TASK TO COMPLETE:
Scan the records below for the line containing "GIGI PALSU JADI" and the line containing "Печёночный сосальщик Эхинококк". Copy both, plus every line between, exactly.

[Stored items]
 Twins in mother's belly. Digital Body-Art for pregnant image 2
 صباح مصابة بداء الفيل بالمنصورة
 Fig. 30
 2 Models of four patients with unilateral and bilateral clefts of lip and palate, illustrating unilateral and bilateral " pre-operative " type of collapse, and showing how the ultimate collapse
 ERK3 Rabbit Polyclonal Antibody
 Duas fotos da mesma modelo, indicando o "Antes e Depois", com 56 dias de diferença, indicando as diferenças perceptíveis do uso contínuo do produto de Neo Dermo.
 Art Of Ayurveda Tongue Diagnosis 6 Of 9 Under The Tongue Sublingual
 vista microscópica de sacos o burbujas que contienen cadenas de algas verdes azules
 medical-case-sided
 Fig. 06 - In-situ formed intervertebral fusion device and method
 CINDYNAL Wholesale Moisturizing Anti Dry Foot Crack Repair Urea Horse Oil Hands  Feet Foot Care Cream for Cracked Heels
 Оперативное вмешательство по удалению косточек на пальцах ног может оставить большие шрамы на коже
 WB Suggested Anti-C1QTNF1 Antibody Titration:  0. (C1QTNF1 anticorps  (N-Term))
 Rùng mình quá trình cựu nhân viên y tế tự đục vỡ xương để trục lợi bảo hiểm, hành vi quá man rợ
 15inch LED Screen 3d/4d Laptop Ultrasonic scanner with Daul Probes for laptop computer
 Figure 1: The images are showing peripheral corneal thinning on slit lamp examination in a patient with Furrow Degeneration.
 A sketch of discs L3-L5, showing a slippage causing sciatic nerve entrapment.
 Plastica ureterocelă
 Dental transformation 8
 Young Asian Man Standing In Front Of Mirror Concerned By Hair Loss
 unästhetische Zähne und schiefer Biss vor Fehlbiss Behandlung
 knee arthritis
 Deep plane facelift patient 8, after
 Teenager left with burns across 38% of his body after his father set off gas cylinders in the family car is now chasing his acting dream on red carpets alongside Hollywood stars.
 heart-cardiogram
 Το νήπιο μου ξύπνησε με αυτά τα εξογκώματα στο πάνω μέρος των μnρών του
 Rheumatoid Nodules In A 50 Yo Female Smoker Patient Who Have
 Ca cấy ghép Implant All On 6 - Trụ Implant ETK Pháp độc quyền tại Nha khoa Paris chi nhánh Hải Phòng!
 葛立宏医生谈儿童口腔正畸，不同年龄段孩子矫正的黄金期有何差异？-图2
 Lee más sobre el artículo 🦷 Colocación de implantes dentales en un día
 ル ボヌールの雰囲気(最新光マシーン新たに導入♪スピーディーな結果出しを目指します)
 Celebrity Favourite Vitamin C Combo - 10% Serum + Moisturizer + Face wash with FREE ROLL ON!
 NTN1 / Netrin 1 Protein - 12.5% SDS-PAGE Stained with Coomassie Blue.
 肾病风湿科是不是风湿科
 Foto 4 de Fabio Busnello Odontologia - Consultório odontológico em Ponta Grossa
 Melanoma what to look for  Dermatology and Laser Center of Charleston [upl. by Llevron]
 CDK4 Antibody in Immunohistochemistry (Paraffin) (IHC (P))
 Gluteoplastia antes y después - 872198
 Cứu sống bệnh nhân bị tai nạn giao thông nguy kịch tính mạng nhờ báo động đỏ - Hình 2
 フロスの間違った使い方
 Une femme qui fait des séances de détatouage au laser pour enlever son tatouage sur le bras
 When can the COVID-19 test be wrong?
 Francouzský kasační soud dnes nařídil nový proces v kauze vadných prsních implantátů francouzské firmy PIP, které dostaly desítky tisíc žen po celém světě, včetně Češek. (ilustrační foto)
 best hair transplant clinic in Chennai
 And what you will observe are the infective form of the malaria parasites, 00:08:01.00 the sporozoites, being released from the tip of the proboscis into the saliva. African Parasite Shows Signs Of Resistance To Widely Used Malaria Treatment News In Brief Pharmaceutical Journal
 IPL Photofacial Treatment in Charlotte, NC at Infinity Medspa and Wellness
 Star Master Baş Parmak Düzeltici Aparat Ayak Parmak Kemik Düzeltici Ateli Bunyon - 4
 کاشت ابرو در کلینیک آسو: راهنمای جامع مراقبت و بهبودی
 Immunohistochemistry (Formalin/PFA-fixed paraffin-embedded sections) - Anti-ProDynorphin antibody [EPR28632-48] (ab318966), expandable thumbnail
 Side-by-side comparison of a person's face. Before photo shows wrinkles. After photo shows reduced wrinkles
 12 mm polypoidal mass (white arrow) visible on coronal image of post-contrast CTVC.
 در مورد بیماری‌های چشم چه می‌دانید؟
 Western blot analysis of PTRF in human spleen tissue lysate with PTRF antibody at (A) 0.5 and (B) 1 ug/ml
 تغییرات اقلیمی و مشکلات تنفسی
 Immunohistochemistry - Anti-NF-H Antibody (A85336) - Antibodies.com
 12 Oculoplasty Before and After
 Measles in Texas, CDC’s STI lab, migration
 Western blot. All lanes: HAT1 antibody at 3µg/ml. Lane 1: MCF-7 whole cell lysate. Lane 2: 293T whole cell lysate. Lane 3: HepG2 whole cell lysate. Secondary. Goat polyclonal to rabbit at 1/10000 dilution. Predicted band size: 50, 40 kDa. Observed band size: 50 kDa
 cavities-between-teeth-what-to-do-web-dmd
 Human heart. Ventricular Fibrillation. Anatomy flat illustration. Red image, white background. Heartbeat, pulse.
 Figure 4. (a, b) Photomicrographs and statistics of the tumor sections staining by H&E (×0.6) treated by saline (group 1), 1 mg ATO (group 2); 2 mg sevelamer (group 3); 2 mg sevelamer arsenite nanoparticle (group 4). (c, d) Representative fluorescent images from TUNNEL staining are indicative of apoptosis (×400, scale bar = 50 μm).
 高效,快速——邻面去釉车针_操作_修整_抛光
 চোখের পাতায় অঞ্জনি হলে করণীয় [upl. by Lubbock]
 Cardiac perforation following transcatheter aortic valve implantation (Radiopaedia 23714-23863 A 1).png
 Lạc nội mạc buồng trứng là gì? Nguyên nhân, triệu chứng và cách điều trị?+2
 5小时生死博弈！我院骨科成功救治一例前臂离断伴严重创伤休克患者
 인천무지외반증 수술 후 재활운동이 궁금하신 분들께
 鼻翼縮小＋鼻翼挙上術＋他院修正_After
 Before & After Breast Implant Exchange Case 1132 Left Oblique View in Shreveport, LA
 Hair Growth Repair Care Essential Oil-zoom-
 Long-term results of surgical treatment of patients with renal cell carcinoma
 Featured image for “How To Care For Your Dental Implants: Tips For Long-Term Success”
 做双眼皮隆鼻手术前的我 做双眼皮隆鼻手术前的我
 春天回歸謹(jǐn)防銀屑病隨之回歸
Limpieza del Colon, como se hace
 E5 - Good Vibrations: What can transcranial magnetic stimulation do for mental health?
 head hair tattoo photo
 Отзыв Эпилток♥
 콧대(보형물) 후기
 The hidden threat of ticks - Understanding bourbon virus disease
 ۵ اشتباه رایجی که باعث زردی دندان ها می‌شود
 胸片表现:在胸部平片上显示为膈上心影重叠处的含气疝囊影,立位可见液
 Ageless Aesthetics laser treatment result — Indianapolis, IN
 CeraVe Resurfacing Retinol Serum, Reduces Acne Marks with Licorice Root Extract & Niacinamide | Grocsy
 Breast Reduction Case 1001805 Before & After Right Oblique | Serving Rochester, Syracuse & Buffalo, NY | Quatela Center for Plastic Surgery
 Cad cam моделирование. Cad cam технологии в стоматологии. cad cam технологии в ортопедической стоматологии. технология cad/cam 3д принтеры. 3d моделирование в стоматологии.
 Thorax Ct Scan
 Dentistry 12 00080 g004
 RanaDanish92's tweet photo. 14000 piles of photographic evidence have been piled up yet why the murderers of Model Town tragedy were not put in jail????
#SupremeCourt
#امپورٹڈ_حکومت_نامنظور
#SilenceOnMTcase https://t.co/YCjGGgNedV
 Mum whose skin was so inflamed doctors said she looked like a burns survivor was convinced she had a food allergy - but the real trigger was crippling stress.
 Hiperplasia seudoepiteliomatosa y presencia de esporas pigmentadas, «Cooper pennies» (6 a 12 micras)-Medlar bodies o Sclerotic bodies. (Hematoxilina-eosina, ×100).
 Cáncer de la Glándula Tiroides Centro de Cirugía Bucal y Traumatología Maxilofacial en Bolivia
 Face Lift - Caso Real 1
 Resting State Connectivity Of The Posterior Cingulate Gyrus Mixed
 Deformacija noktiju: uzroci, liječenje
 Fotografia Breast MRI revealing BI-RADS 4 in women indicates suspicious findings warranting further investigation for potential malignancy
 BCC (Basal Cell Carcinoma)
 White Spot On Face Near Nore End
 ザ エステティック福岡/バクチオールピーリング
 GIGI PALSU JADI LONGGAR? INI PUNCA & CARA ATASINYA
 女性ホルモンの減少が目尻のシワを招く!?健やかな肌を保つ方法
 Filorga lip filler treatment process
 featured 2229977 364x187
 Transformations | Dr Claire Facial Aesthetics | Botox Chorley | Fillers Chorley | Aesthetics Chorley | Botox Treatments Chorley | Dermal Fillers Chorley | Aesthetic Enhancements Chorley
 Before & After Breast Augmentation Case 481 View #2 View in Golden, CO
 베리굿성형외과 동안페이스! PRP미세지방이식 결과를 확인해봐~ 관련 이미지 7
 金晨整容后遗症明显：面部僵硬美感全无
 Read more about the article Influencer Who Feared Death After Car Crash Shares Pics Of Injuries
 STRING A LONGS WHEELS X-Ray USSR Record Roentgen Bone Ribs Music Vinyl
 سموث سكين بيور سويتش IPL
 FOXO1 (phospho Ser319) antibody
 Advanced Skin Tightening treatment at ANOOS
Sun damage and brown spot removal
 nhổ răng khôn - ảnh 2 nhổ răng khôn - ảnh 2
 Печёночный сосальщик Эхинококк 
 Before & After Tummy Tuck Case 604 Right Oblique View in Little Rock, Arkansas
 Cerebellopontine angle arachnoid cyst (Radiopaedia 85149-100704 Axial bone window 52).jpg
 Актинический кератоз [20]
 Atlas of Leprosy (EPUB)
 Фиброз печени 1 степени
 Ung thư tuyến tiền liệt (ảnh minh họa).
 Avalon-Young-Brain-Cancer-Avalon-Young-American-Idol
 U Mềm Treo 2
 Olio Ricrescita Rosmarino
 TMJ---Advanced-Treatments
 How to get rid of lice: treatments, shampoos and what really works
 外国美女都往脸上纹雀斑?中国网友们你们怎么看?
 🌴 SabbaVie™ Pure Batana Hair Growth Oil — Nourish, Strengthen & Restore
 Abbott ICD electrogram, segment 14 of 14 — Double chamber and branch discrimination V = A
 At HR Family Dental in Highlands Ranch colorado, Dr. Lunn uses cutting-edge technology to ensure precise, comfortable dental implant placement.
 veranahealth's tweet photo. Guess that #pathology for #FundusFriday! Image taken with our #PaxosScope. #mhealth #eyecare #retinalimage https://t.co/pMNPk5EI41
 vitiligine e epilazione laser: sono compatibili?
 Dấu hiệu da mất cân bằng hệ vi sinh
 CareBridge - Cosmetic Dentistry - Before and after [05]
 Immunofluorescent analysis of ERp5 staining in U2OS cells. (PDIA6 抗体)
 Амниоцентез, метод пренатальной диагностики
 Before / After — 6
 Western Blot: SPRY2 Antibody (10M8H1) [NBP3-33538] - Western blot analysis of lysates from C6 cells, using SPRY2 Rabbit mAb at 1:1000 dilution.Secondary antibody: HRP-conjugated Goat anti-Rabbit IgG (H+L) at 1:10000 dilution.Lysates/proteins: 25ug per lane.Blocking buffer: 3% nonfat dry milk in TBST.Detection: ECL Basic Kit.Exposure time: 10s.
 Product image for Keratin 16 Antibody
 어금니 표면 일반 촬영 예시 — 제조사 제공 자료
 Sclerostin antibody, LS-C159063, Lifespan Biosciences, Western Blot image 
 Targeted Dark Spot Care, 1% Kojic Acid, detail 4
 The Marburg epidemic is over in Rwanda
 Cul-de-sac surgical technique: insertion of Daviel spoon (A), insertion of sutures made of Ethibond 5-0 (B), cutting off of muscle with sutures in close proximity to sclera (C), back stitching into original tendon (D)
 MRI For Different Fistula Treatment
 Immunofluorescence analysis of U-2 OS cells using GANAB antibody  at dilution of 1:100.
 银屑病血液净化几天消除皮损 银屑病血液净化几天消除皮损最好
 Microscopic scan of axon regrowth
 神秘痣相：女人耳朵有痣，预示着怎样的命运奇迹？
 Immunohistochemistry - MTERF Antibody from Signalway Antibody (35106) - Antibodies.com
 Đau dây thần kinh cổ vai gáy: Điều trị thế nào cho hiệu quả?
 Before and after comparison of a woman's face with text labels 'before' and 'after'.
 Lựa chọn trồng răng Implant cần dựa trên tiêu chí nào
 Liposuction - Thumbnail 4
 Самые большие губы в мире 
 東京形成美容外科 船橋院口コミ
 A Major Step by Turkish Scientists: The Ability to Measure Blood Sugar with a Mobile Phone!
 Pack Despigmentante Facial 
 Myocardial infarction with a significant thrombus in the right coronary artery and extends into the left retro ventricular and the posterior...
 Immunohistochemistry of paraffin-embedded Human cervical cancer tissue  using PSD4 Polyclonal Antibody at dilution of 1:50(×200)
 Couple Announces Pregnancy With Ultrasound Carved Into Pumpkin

ANSWER:
 GIGI PALSU JADI LONGGAR? INI PUNCA & CARA ATASINYA
 女性ホルモンの減少が目尻のシワを招く!?健やかな肌を保つ方法
 Filorga lip filler treatment process
 featured 2229977 364x187
 Transformations | Dr Claire Facial Aesthetics | Botox Chorley | Fillers Chorley | Aesthetics Chorley | Botox Treatments Chorley | Dermal Fillers Chorley | Aesthetic Enhancements Chorley
 Before & After Breast Augmentation Case 481 View #2 View in Golden, CO
 베리굿성형외과 동안페이스! PRP미세지방이식 결과를 확인해봐~ 관련 이미지 7
 金晨整容后遗症明显：面部僵硬美感全无
 Read more about the article Influencer Who Feared Death After Car Crash Shares Pics Of Injuries
 STRING A LONGS WHEELS X-Ray USSR Record Roentgen Bone Ribs Music Vinyl
 سموث سكين بيور سويتش IPL
 FOXO1 (phospho Ser319) antibody
 Advanced Skin Tightening treatment at ANOOS
Sun damage and brown spot removal
 nhổ răng khôn - ảnh 2 nhổ răng khôn - ảnh 2
 Печёночный сосальщик Эхинококк 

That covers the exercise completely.